The company recently gained funding to take its Actiphage blood test for bovine TB (bTB) and Johne’s Disease through the validation required for international industry acceptance.
Jonnie has worked in a commercial role in other industries, but he knows first-hand the devastating impact bTB and Johne’s disease can have on farmers through his experiences on a family farm in North Devon, where the herd was decimated by these diseases.
Unfortunately, this was the final straw. The emotional toil and the ongoing financial loss were too great and the Yewdalls sold the family farm.
Jonnie said: “I think that Covid-19 has shown the wider business community what it is like to be a dairy farmer at risk from bTB – you are locked-down and you can’t plan or budget.
“I don’t want any farmers to go through what we did, which is why I have joined PBD Biotech.
“With tools like Actiphage the industry has an opportunity to work together to potentially eradicate these very difficult diseases.”
What is the Actiphage test?
Actiphage is an extremely specific test, as it detects the DNA from live bacteria in a sample of blood or milk, not just the animal’s immune reaction.
This was a recent recommendation from the cattle health certification standards (CHeCS) regulatory body.
Actiphage has been approved by APHA for use under special conditions, and when used on-farm as part of a disease management programme it has been proven to eradicate bovine TB.
By recently gaining £2.3 million in funding, PBD Biotech is now able to take Actiphage through trials to gain OIE (the World Organisation for Animal Health) validation for the test which will enable international acceptance.

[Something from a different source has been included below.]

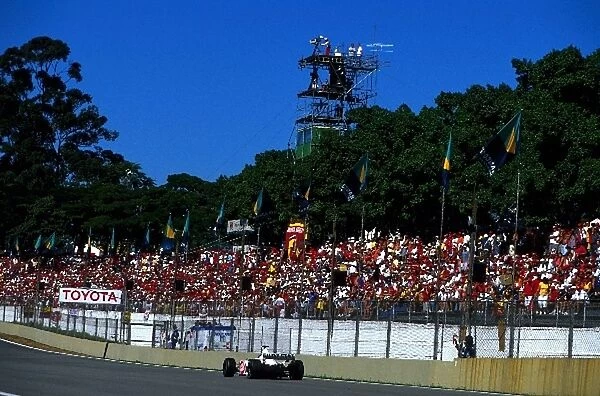 Formula One World Championship: Jacques Villeneuve at speed in his BAR Honda. He would be classified a disappointing 10th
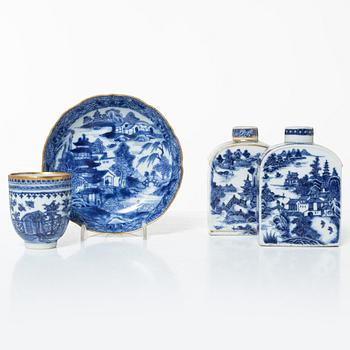 Tea caddy, 2 pcs, and a cup with saucer, company porcelain, China, circa 1800.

Jonnie sees potential for Actiphage to be used as part of a wider disease management programme to enable farmers to eradicate and then maintain a disease-free status on the farm.
“Actiphage is a blood test for live mycobacteria that gives you a simple yes/no answer.
When this is authorised for use on the farm, we could use it in parallel with the statutory testing to manage the infection risk, for example isolating inconclusive reactors pending a further skin test.
“It could be used as a ‘pre-movement’ test to check animals before they are introduced into a herd and also as a ‘DIVA’ test to differentiate infected from vaccinated animals, paving the way for the introduction of a vaccination programme,” he concluded.